- Born: June 18, 1910 Nakahiranai, Aomori Prefecture
- Died: February 5, 1998 (aged 87) Hiranai, Aomori Prefecture
- Occupations: Musician, composer

= Takahashi Chikuzan =

Takahashi Chikuzan (高橋竹山) (born Takahashi Sadazō (高橋 定蔵); 6/18/1910 - 2/5/1998) was a renowned Japanese Tsugaru-jamisen performer and composer.

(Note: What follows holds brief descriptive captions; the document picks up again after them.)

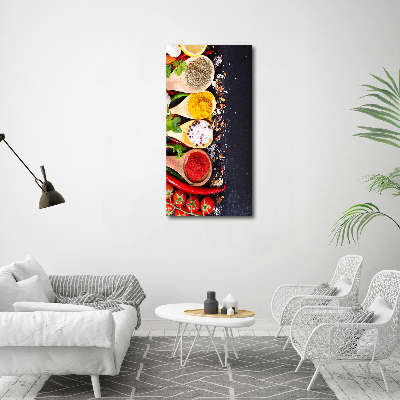 Canvas wall art Spices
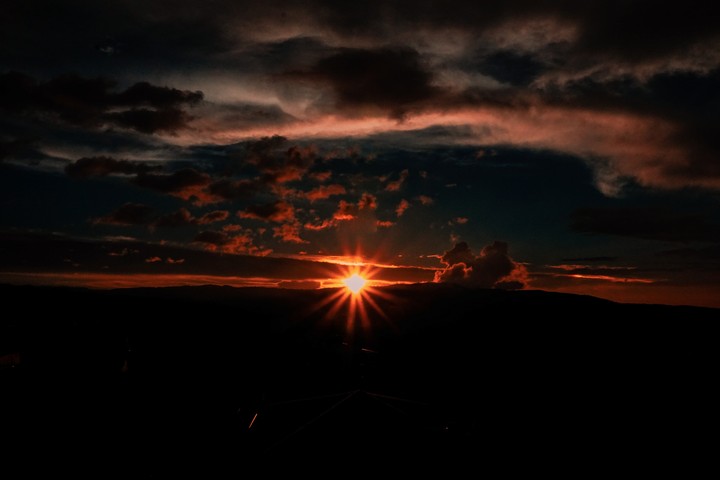 Sunset on a winter's day
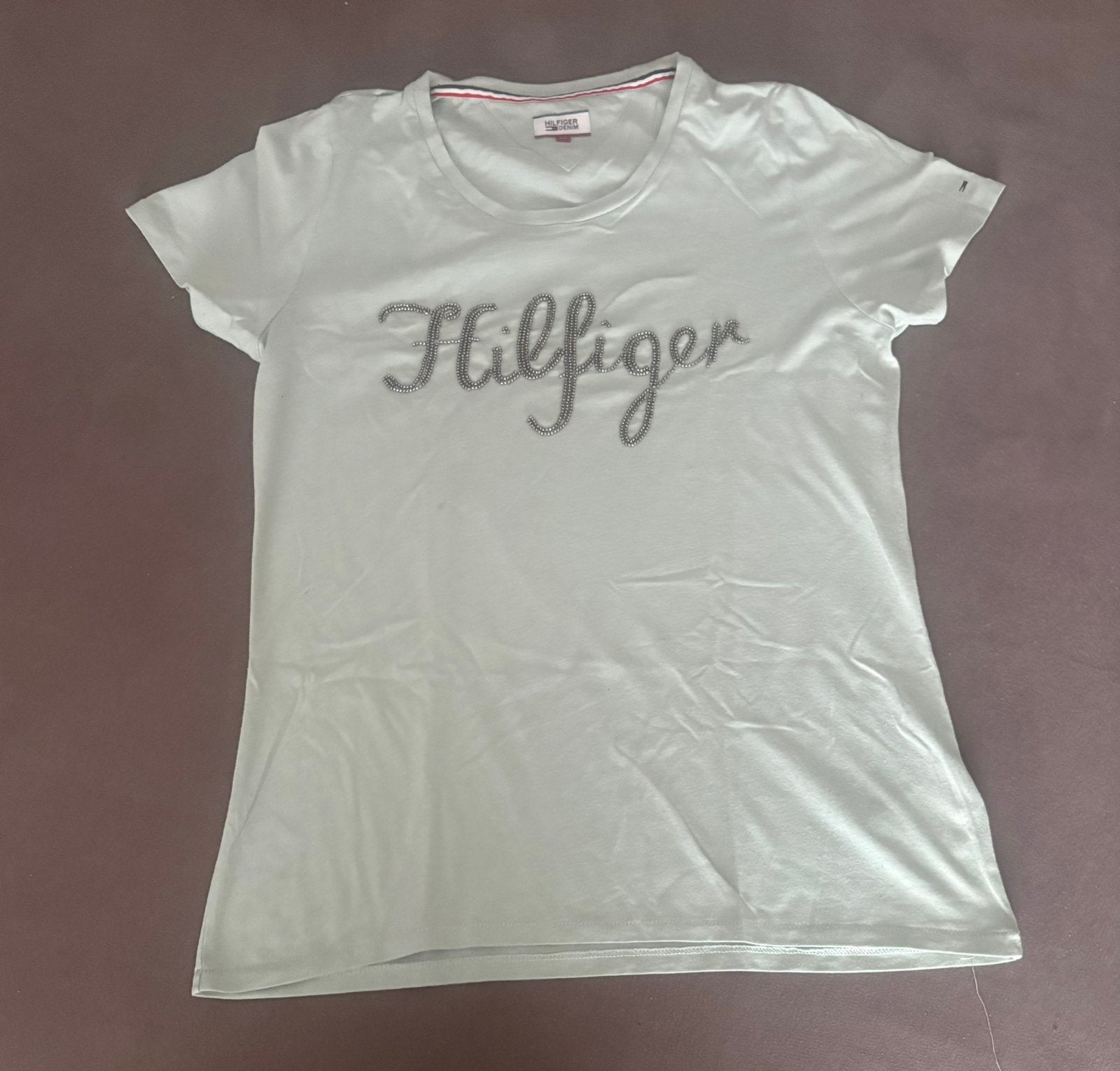 Tommy Hilfiger t-shirt, Ophalen of Verzenden, Zo goed als nieuw, Maat 38/40 (M)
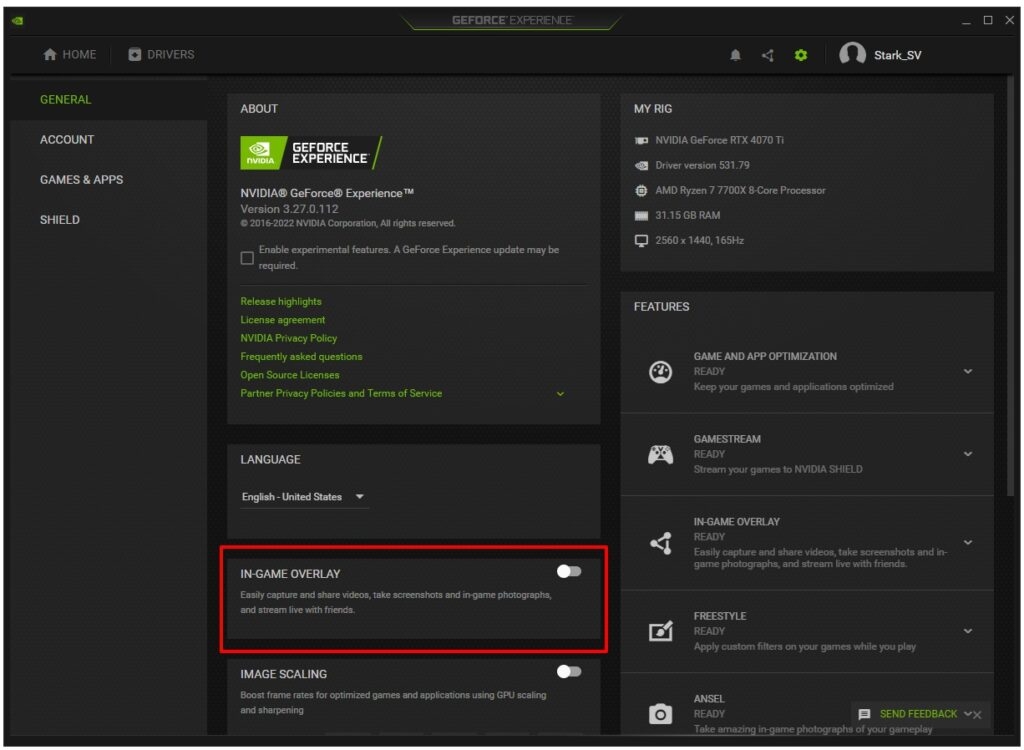 Disable NVIDIA GeForce Experience Overlay - Darktide Long Load Time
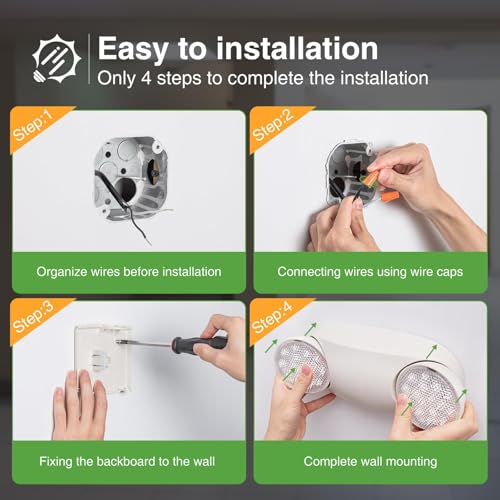 4 Pack Emergency Lights for Business (4 Count)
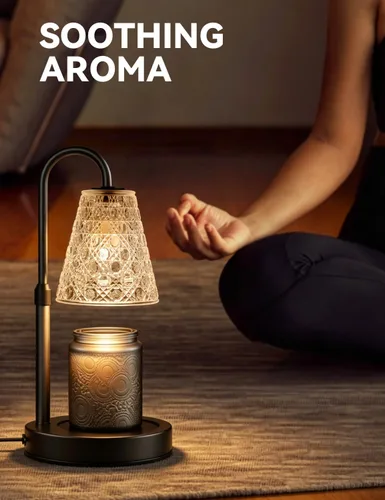 Vista 4 de Lámpara calentadora de velas con temporizador regulable, regalos de cumpleaños para mujeres, mamá, regalos de inauguración de la casa, decoración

He was born in Nakahiranai, a village that is now part of the Hiranai township in Aomori Prefecture. He lost his sight at around age two from measles before becoming a live-in apprentice of a Tsugaru-jamisen performer called Toda Jūjirō near his home town. Before World War II he spent many years touring Tohoku and Hokkaido, playing before doorsteps and making money any way he could. After the war he became more widely known, first as an accompanist for the famous Tsugaru folk song singer Narita Unchiku (who named him "Chikuzan"), and subsequently as a solo performer of the Tsugaru-jamisen repertory. His performances, for many years taking place regularly at a small venue called Shibuya Jean-Jean in Shibuya Ward of Tokyo, often featured long solo improvisations, which he entitled "Iwaki" after the tallest mountain in Tsugaru.

His most famous disciple, a woman who has assumed the name Takahashi Chikuzan II, continues to perform versions of Takahashi Chikuzan's repertory. Takahashi Chikuzan made a huge number of recordings, some of which are still in print today.